- [WORK TO COMPLETE]:
Could you print the entries below exactly, starting at the line that contains "alleycat8706_(artist) anthro arm_support" and stopping after the last one?

- [AVAILABLE DATA]:

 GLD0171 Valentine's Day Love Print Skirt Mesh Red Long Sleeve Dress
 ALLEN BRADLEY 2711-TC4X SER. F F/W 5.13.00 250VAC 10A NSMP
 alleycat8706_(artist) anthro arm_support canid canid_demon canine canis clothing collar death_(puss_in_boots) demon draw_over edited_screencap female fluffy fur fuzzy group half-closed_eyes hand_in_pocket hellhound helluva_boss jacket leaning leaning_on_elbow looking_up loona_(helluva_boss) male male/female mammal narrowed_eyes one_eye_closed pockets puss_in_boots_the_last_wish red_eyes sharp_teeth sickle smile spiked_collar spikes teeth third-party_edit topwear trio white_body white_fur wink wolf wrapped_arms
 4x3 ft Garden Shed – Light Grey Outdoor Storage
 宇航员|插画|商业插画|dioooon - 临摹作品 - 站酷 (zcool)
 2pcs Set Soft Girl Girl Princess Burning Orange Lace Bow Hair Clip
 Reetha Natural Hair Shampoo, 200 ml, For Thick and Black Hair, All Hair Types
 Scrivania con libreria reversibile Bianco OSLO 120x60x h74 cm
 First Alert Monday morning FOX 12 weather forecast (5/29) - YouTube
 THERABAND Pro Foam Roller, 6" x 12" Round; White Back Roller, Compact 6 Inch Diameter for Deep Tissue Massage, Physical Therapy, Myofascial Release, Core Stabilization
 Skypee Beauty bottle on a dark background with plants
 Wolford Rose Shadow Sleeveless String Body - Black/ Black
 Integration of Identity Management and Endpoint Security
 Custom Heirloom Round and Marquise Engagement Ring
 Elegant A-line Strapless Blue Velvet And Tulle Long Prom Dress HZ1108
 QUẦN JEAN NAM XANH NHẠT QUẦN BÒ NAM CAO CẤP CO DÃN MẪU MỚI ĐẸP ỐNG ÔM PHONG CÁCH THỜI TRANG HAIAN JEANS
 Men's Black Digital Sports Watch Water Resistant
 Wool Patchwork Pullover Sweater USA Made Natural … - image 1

- [RESPONSE BELOW]:
 alleycat8706_(artist) anthro arm_support canid canid_demon canine canis clothing collar death_(puss_in_boots) demon draw_over edited_screencap female fluffy fur fuzzy group half-closed_eyes hand_in_pocket hellhound helluva_boss jacket leaning leaning_on_elbow looking_up loona_(helluva_boss) male male/female mammal narrowed_eyes one_eye_closed pockets puss_in_boots_the_last_wish red_eyes sharp_teeth sickle smile spiked_collar spikes teeth third-party_edit topwear trio white_body white_fur wink wolf wrapped_arms
 4x3 ft Garden Shed – Light Grey Outdoor Storage
 宇航员|插画|商业插画|dioooon - 临摹作品 - 站酷 (zcool)
 2pcs Set Soft Girl Girl Princess Burning Orange Lace Bow Hair Clip
 Reetha Natural Hair Shampoo, 200 ml, For Thick and Black Hair, All Hair Types
 Scrivania con libreria reversibile Bianco OSLO 120x60x h74 cm
 First Alert Monday morning FOX 12 weather forecast (5/29) - YouTube
 THERABAND Pro Foam Roller, 6" x 12" Round; White Back Roller, Compact 6 Inch Diameter for Deep Tissue Massage, Physical Therapy, Myofascial Release, Core Stabilization
 Skypee Beauty bottle on a dark background with plants
 Wolford Rose Shadow Sleeveless String Body - Black/ Black
 Integration of Identity Management and Endpoint Security
 Custom Heirloom Round and Marquise Engagement Ring
 Elegant A-line Strapless Blue Velvet And Tulle Long Prom Dress HZ1108
 QUẦN JEAN NAM XANH NHẠT QUẦN BÒ NAM CAO CẤP CO DÃN MẪU MỚI ĐẸP ỐNG ÔM PHONG CÁCH THỜI TRANG HAIAN JEANS
 Men's Black Digital Sports Watch Water Resistant
 Wool Patchwork Pullover Sweater USA Made Natural … - image 1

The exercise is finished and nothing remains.